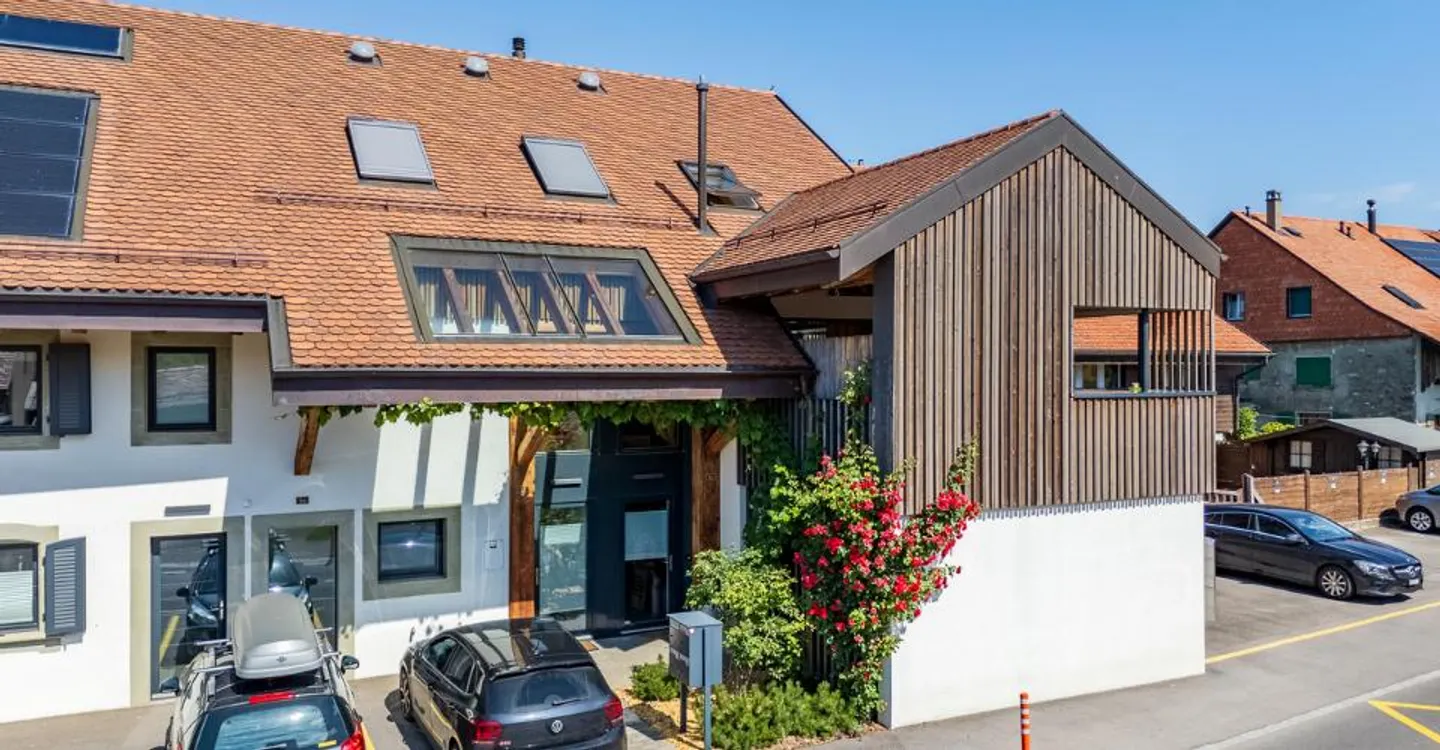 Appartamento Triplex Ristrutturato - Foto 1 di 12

------------------------------------

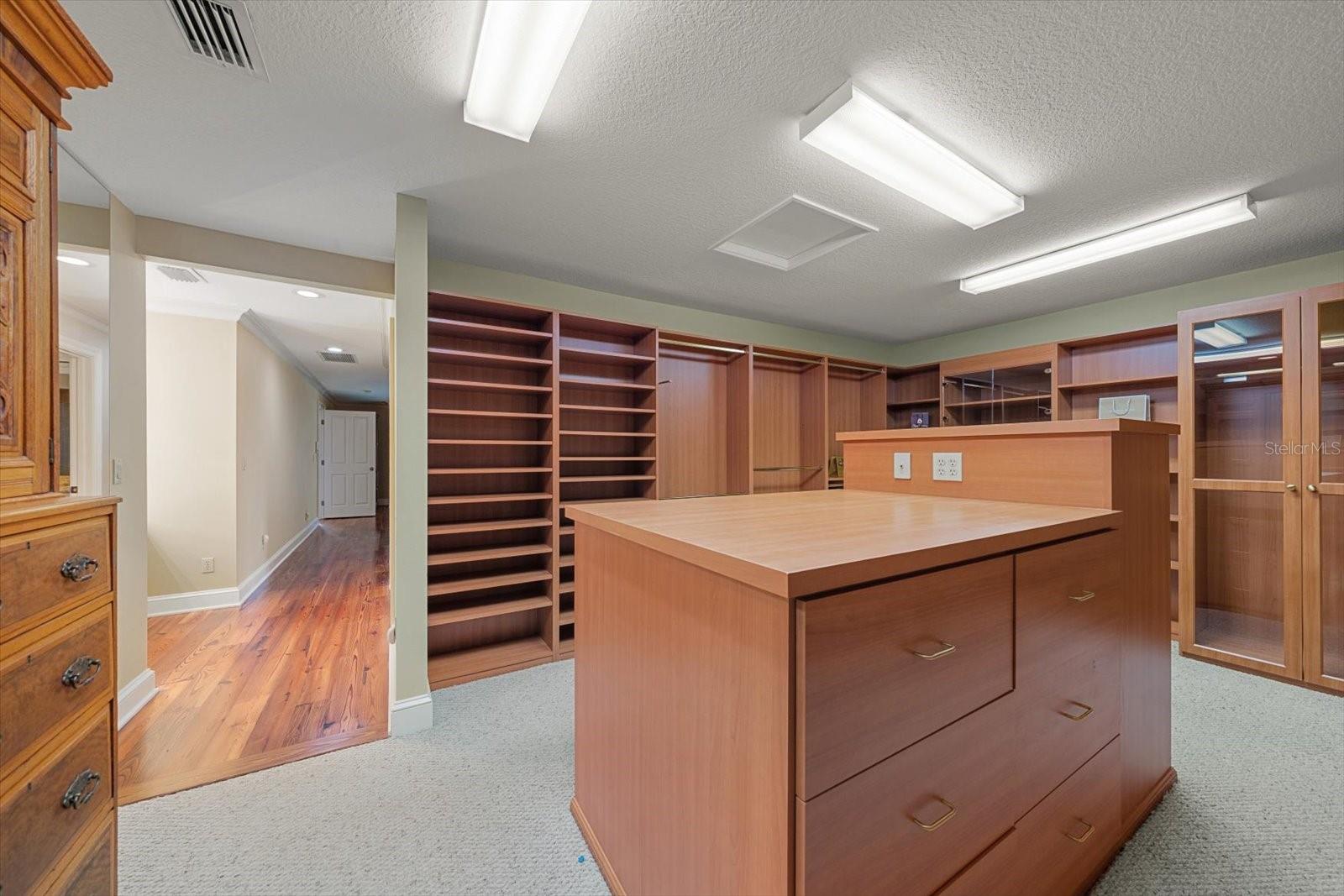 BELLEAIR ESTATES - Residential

------------------------------------

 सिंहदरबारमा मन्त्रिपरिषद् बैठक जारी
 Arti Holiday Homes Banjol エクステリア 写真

------------------------------------

Work instruction> Once the line with "सिंहदरबारमा मन्त्रिपरिषद् बैठक जारी" is found in the records above, print exactly that line and every line after it through the line with "Arti Holiday Homes Banjol エクステリア 写真".

Answer space>
 सिंहदरबारमा मन्त्रिपरिषद् बैठक जारी
 Arti Holiday Homes Banjol エクステリア 写真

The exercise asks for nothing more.